Using the current system, the mean wait time for people who call for technical support is 5 minutes. A new system was designed to reduce the mean wait time. A random sample of 400 calls produced a sample average of 4.650. The standard deviation of wait times is known to be 4. We want to know whether the new software changed the mean.

1. What is the null hypothesis and what is the alternative hypothesis?

2. What is the value of the test statistic?

3. What is the p-value of the test? (Compute to 4 digits).

4. Do we reject H0 at the .05 level of significance?

5. Do we reject H0 at the .01 level of significance?

Answer 1

Solution :

Given that,

1)

This is a two tailed test.

The null and alternative hypothesis is,

Ho: $\mu$ $=$ 5

Ha: $\mu$ $\neq$ 5

2)

The test statistics,

Z =( $\bar x$ - $\mu$ )/ ($\sigma$/$\sqrt{}$n)

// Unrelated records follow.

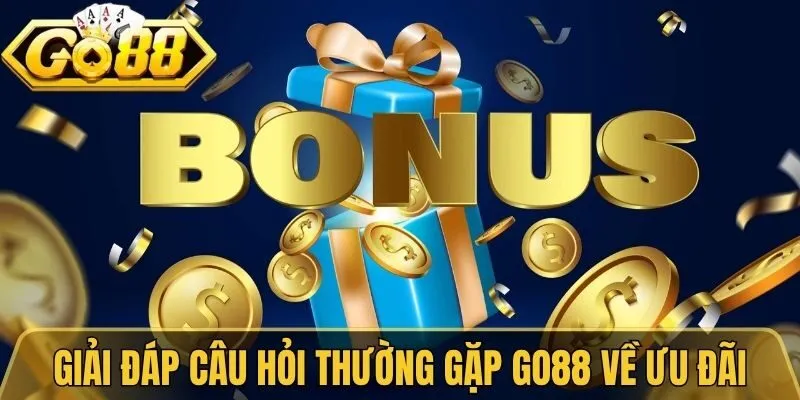 Câu Hỏi Thường Gặp Go88 Giúp Giải Đáp Nhanh Mọi Vấn Đề 3 Giải đáp câu hỏi thường gặp Go88 về ưu đãi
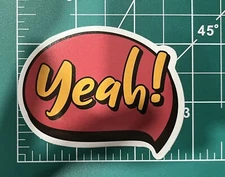 YEAH ! Saying Statement Opinion - Vinyl Decal Sticker Bomb JDM Skater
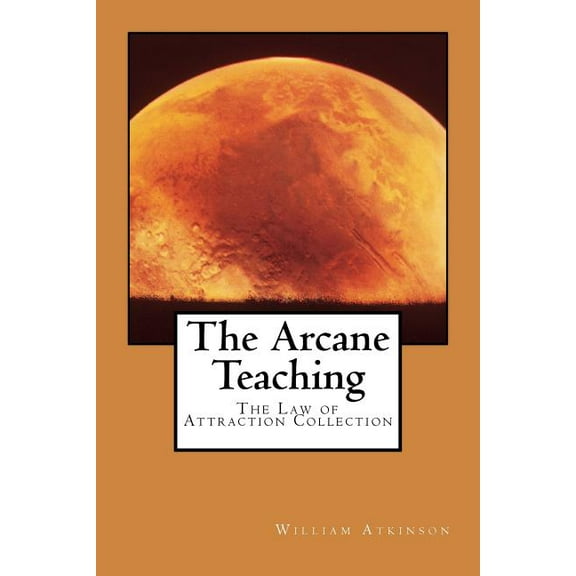 The Arcane Teaching: The Law of Attraction Collection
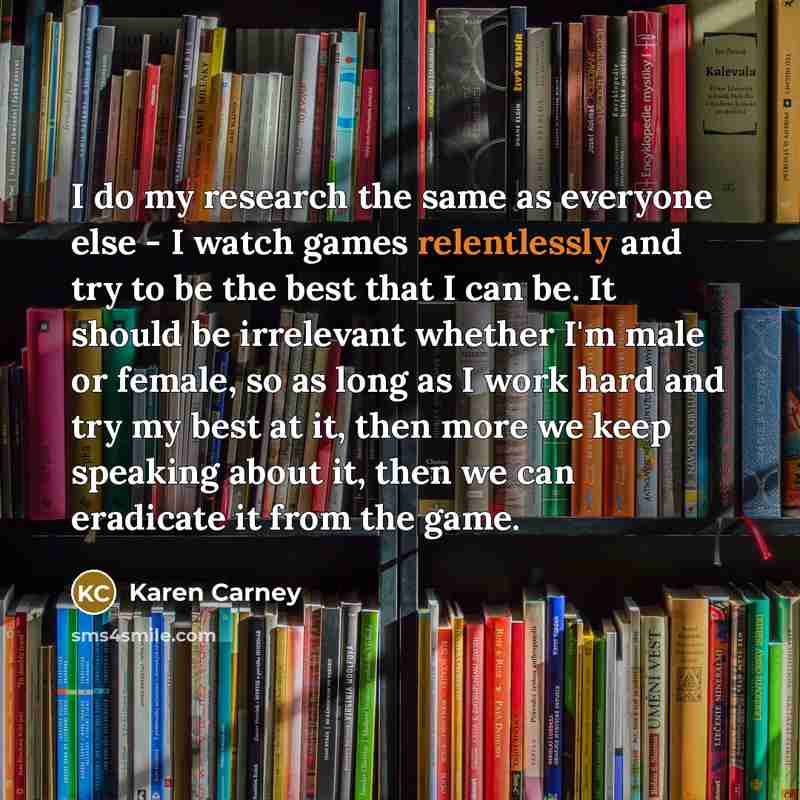 “I do my research the same as everyone else - I watch games relentlessly and try to be the best that I can be. It should be irrelevant whether I'm male or female, so as long as I work hard and try my best at it, then more we keep speaking about it, then we can eradicate it from the game.” quote by Karen Carney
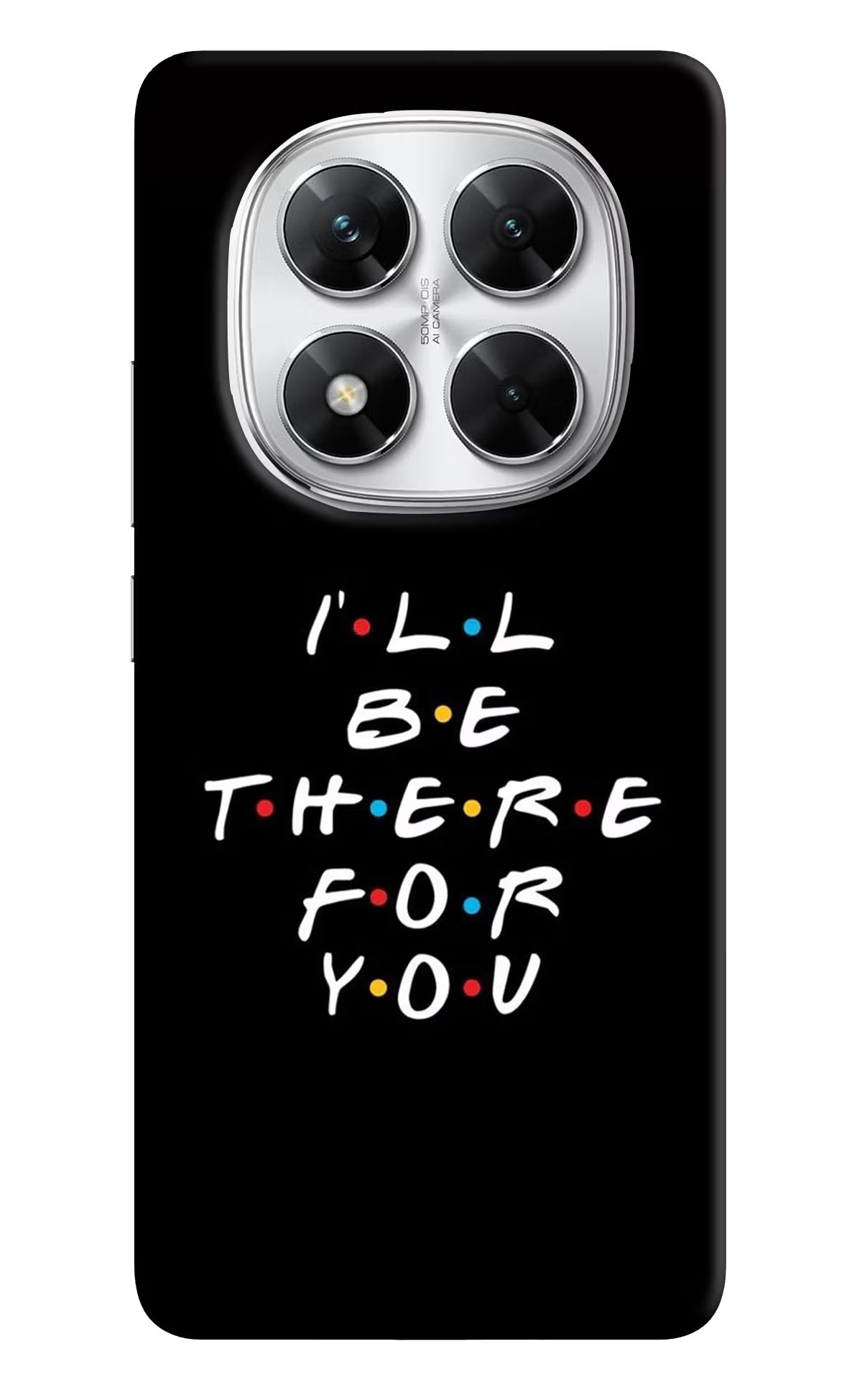 I'll Be There For You Poco X7 5G Back Cover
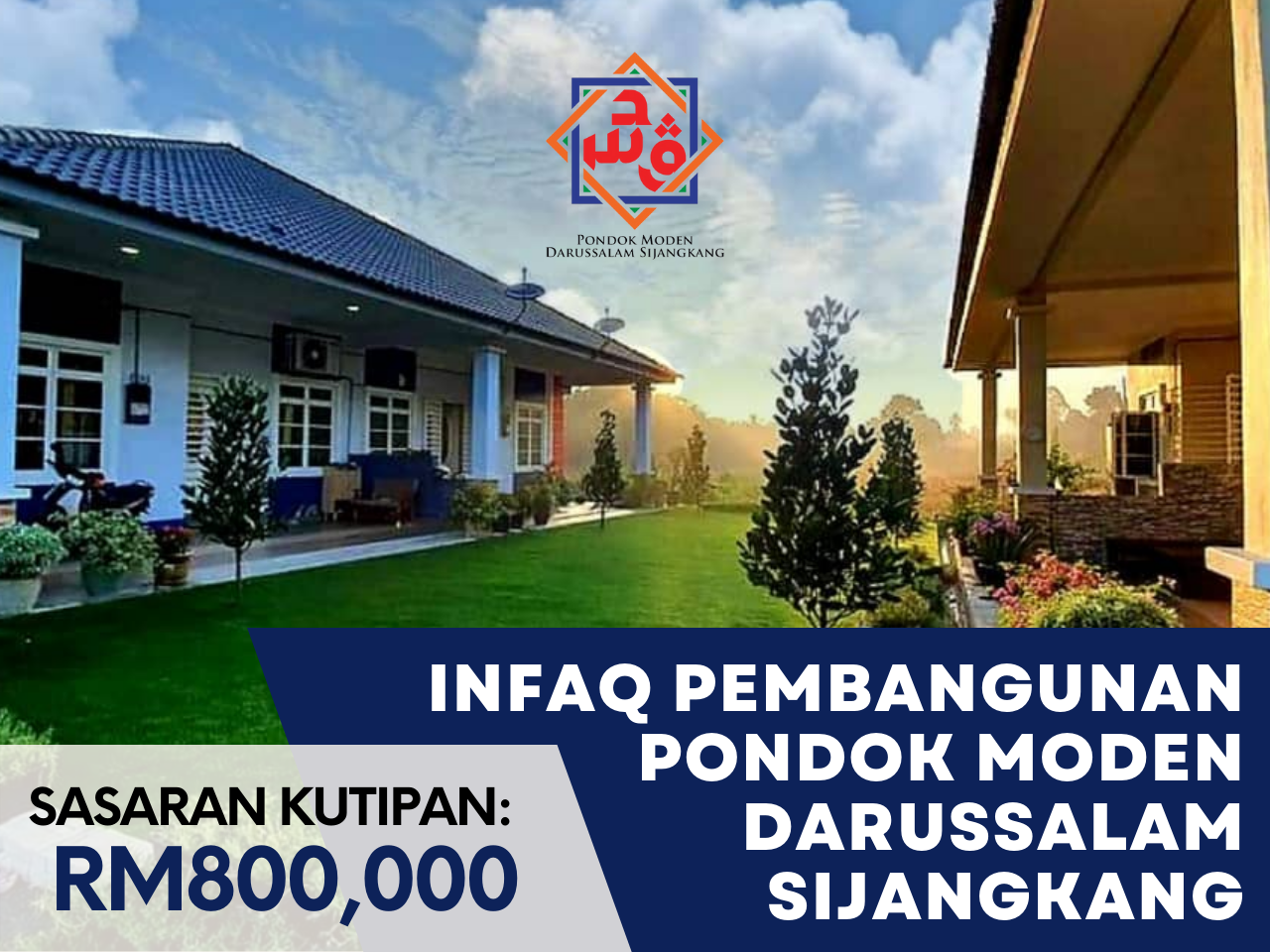 INFAQ PEMBANGUNAN PONDOK MODEN DARUSSALAM SIJANGKANG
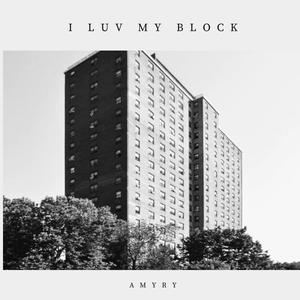 I LUV MY BLOCK (Explicit)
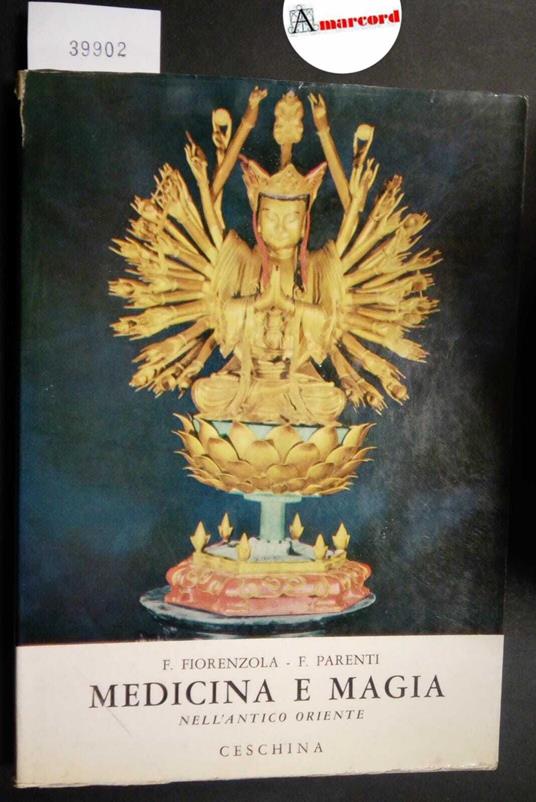 AA. VV., Medicina e magia nell'Antico Oriente, Ceschina, 1962 - copertina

= ( 4.650 - 5 ) / ( 4 /$\sqrt{}$400 )

= -1.75

3)

P- Value = 2*P(Z < z )

= 2 * P(Z < -1.75 )

= 2 * 0.0401

= 0.0802

4)

The p-value is p = 0.0802, and since p = 0.0802 $\geq$ 0.05, it is concluded that do not reject the null hypothesis at the 0.05 level of significance.

5)

The p-value is p = 0.0802, and since p = 0.0802 $\geq$ 0.01, it is concluded that do not reject the null hypothesis at the 0.01 level of significance.